Kyler Murray and Kyle Allen had a very good day, which was bad for Kevin Sumlin
By John Buhler
Two of his former five-star quarterbacks at Texas A&M, Kyler Murray and Kyle Allen, shined in the NFL on Sunday, but it wasn’t a good look for Kevin Sumlin.
It’s been four wins in a row for the Arizona Wildcats after dropping their Week 0 game on the road against the Hawaii Rainbow Warriors, but it’s not all great for head coach Kevin Sumlin. Sure, his Wildcats look to be in good shape in the Pac-12 South, but he can’t help be reminded of the quarterback mismanagement he had at his previous employer at Texas A&M University.
At one time, Sumlin had two five-star quarterbacks on his roster at the same time: Kyle Allen from Scottsdale, Arizona and Aggies legacy Kyler Murray from Bedford, Texas. Murray’s father Kevin Murray played quarterback for the Aggies in the 1980s.
Within days of each other, Allen and the younger Murray would leave the A&M program for presumably greener pastures. Allen did not have a great time at the University of Houston, while Murray won the Heisman Trophy last year at the University of Oklahoma. Murray went on to be the No. 1 pick in the 2019 NFL Draft, while Allen went undrafted out of Houston in 2018.
But fate would find themselves aligned this fall Sunday in the NFL. Murray won his first game as the Cardinals’ starting quarterback, as Arizona eked one out over the Cincinnati Bengals on the banks of the Ohio River. Allen, however, has now won his last four starts for the Panthers dating back to Week 17 of last season. How did Sumlin not make it work with these two?
Well, the old saying is when you have two starting quarterbacks, that just means you don’t have one. Recruiting them too closely together and then thinking that a platoon between two former five-stars was going to be acceptable was 100 percent, not the case. Allen is succeeding in Charlotte and Murray is well on his way to success in Glendale.
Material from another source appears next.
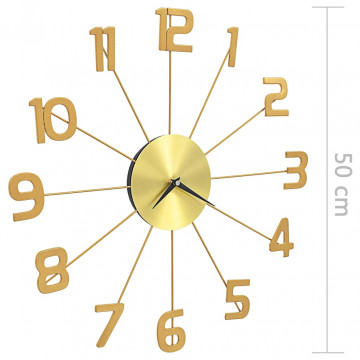 Ceas de perete, auriu, 50 cm, metal - Img 5
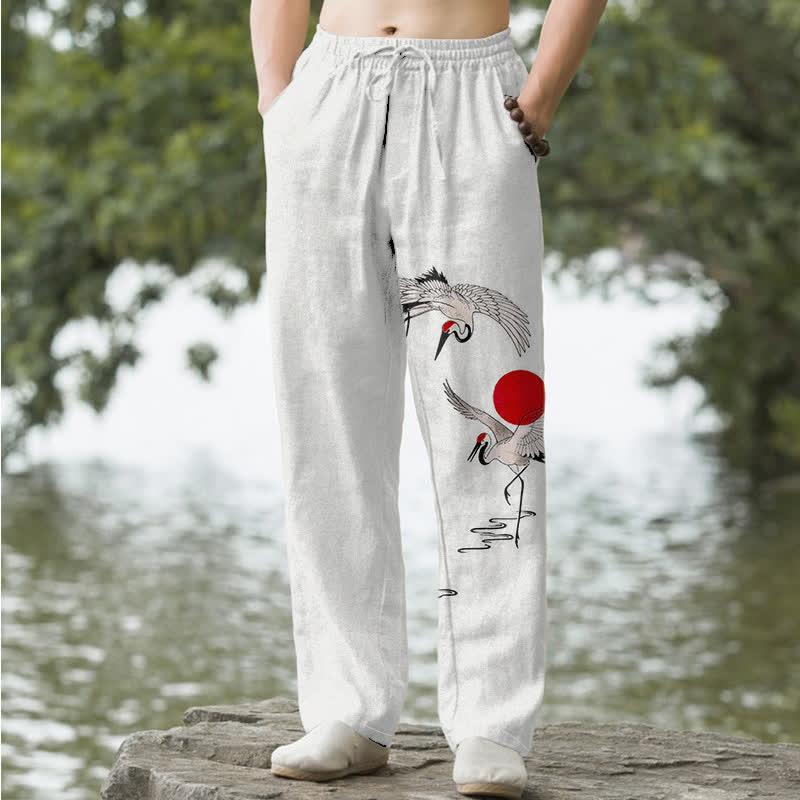 Buddha Stones Herrenhose aus Baumwolle mit rotem Sonnen-Kranich-Muster, schmal zulaufend und mit Taschen - Leinen - US/ UK/AU50, EU60 (5XL) - image 0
This mismanagement of star signal-callers was the beginning of the end for Sumlin in College Station. He was fired after the 2017 NCAA season after six years in the SEC and has spent the last two years in Tuscon attempting to coach the Wildcats back to relevancy in the Pac-12 South.
Truthfully, Sumlin probably wants to see these two talented kids succeed. With both Allen and Murray moving on to bigger and better things in the NFL, hard feelings towards their former ball coach will only fade with time if they haven’t already.
Next: NFL Power Rankings: 30 Best QB of All-Time
All three men can have successful 2019s this football season, but it’s still crazy to think all three were in the same program at one time and it did not come together for the Aggies at all. Texas A&M is now in the second year of the Jimbo Fisher era in College Station. All four parties have moved on, but Sunday was a shining example of what could have been for the Aggies in the SEC.